Dataset and Annotation
A proprietary dataset was built from shredded desktop and portable computers sourced from manufacturing facilities. After manual removal of batteries and pre‑sorting of components, the material was shredded using a 1‑inch screen, yielding particles small enough to be captured by three synchronized RGB cameras. The cameras (Basler acA1920‑155uc) produce a stitched image of 5760 × 1200 pixels, which the authors split into three 1920 × 1200 segments, each resized to 640 × 640 for model input. The final corpus contains 6 000 images with 15 500 annotated instances (≈5 000 metals, 5 500 circuit boards, 5 000 plastics). Annotation followed the YOLO format and employed a semi‑automated pipeline: an initial manually‑labeled subset trained a provisional model, which then auto‑annotated the remaining images; human reviewers corrected false negatives and missed detections, iterating until the full set was labeled. Data augmentation (brightness, rotation, noise) was applied to improve robustness against lighting and pose variations.
Hardware Architecture
The physical system comprises:
- Imaging – three Basler cameras mounted 550 mm above a 64‑inch conveyor belt, each delivering up to 155 FPS. Uniform illumination is provided by a 1.6 m LED light bar with diffusers positioned at a 30° angle.
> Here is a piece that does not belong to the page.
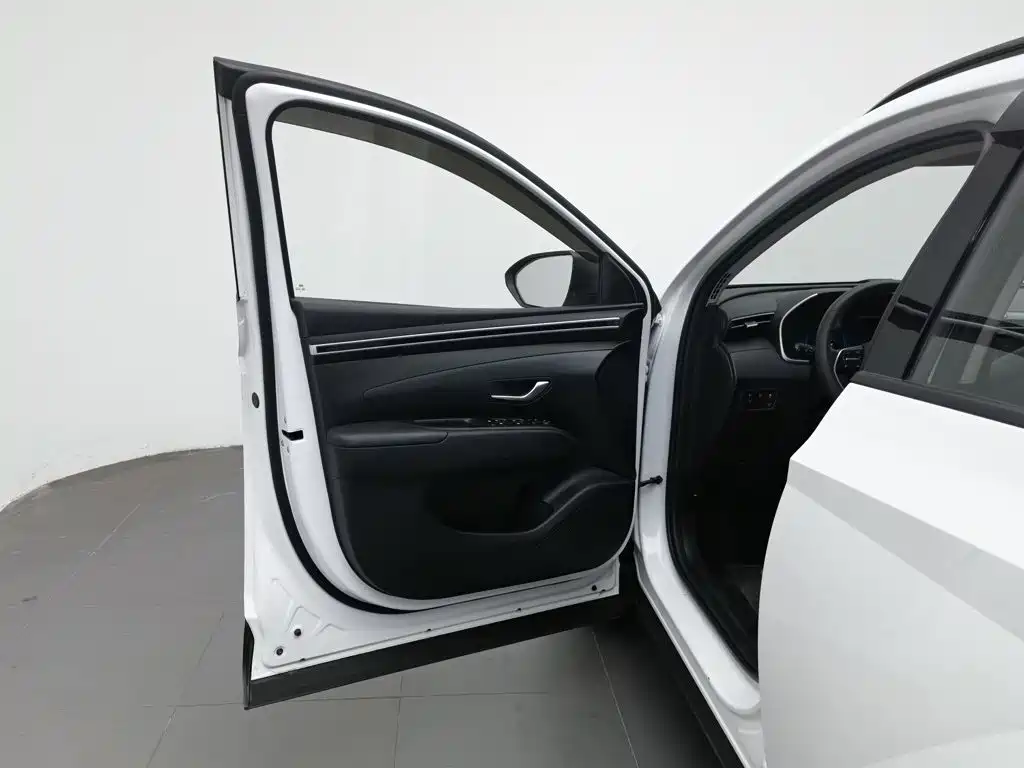 Hyundai Tucson — миниатюра 8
- Material Delivery – a vibratory feeder distributes shredded particles into a single‑layer, green‑colored belt moving at ~1.2 m/s, ensuring each fragment is fully visible.
- Sorting Mechanism – a repurposed agricultural pneumatic paddle sorter with 64 paddles spaced 1 inch apart. Each paddle actuates in 20 ms and returns in another 20 ms, allowing a maximum of 25 actuations per second.
- Control – a Siemens S7‑1200 PLC serves as an OPC‑UA server, handling real‑time I/O for the paddles and receiving inference results from a Mac mini (edge compute). A FIFO queue and finite‑state machine guarantee deterministic timing.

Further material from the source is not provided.